What is the difference between inverter power supply and UPS power supply?
What is the difference between inverter power supply and UPS power supply?

The power inverter (vehicle power supply) is a convenient power converter that can convert DC12V direct current into AC220V alternating current, which is the same as the mains power. It can be used by general electrical appliances.

An inverter must be made up of an inverter device to be called that. It is directly different from a transformer. That is to say, it can realize DC input and then output AC. The working principle is the same as that of a switching power supply, but the oscillation frequency is in Within a certain range, for example, if the frequency is 50HZ, the output is AC 50HZ. An inverter is a device that can change its frequency. How to choose the correct UPS power inverter should mainly pay attention to the following points.

1. Rated output voltage: Within the specified allowable fluctuation range of the input DC voltage, it indicates the rated voltage value that the inverter should be able to output. The stable accuracy of the output rated voltage value generally has the following regulations: During steady-state operation, the voltage fluctuation range should be limited, for example, its deviation shall not exceed ±3% or ±5% of the rated value. In dynamic situations where the load changes suddenly or is affected by other interference factors, the output voltage deviation should not exceed ±8% or ±10% of the rated value.

2. Output voltage imbalance: Under normal operating conditions, the three-phase voltage imbalance (ratio of reverse sequence component to positive sequence component) output by the inverter should not exceed a specified value, generally expressed in %, such as 5 % or 8%.

3. Waveform distortion of the output voltage: When the inverter output voltage is sinusoidal, the maximum allowable waveform distortion (or harmonic content) should be specified. Usually expressed as the total waveform distortion of the output voltage, its value should not exceed 5% (10% is allowed for single-phase output).

4. Rated output frequency The frequency of the inverter output AC voltage should be a relatively stable value, usually the power frequency of 50Hz. The deviation should be within ±1% under normal working conditions.

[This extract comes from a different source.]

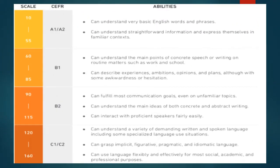So how is the Duolingo test scored? It measures English language ability using a scale that ranges from 10 to 160, scored in 5-point increments. The scale is broken down into main categories as you can see on the screen, starting at 10 and ending at 160. If you are curious how your Duolingo scores compare to TOEFL and IELTS, you can check out the link in the description box.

5. Load power factor: Characterizes the inverter's ability to carry inductive or capacitive loads. Under sine wave conditions, the load power factor is 0.7~0.9 (lag), and the rated value is 0.9.

6. Rated output current: Indicates the rated output current of the inverter within the specified load power factor range. Some inverter products give rated output capacity, expressed in VA or KVA. The rated capacity of the inverter is when the output power factor is 1 (that is, purely resistive load), the rated output voltage is the product of the rated output current.

7. Rated output efficiency: The efficiency of the inverter is the ratio of its output power to the input power under specified working conditions, expressed in %. The efficiency of the inverter at rated output capacity is full load efficiency, and the efficiency at 10% of rated output capacity is low load efficiency.